Alles war so plötzlich passiert. Damals war sie so naiv, sie weinte, machte Theater und stieg unter Tränen in den Zug. Es war heiß, und sie erlitt einen Hitzschlag und konnte Huo Yingjie nicht noch ein letztes Mal sehen.
"Benehm dich gut zu Hause, und in ein paar Jahren such dir einen Job in einer Fabrik. Wenn du volljährig bist, heirate ich dich", sagte Huo Yingjie und sah seine stolze kleine Freundin liebevoll an.

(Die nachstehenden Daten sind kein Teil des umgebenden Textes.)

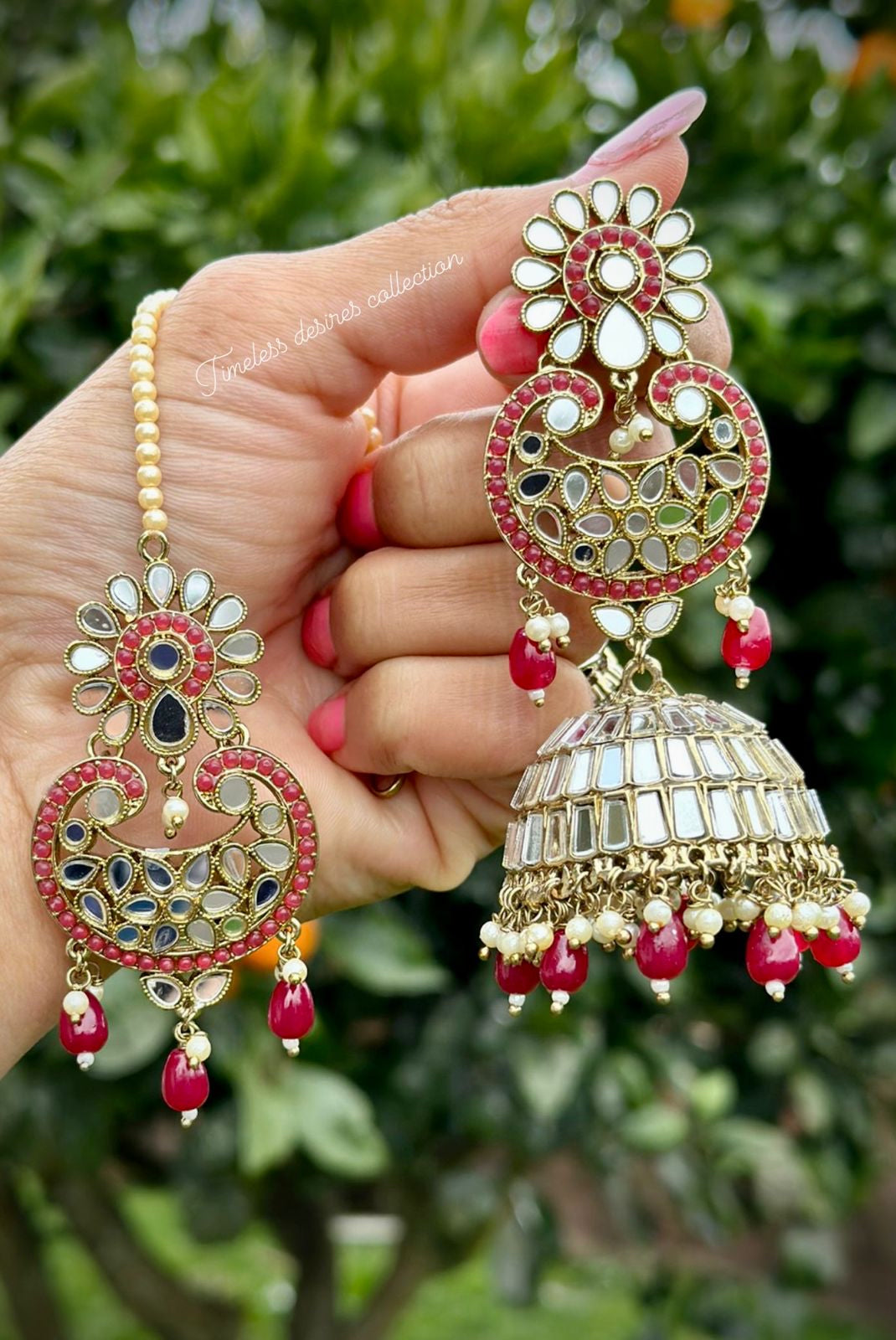 Maroon Long Jhumka earrings With Tikka in Mirror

"Oh ..." antwortete He Tiantian leise und traute sich nicht, den Kopf zu heben, aus Angst, Huo Yingjie könnte sie verärgert sehen.
Als Huo Yingjie He Tiantians unglücklichen Blick bemerkte, dachte er, sie sei traurig darüber, dass er ging, und lächelte wie ein Reineke Fuchs, der gerade eine Süßigkeit gegessen hatte.
Wang Shuping kam aus dem Haus und brachte die Wassermelone für Huo Yingjie.
Als Huo Yingjie Wang Shuping kommen sah, bedankte er sich bei ihr und ging mit der Wassermelone im Arm davon.
Wang Shuping, die mit dem Kochen beschäftigt war, bemerkte das seltsame Verhalten ihrer Tochter nicht. Sie zündete etwas Wermutkraut an, um die Mücken zu vertreiben, und ging in die Küche.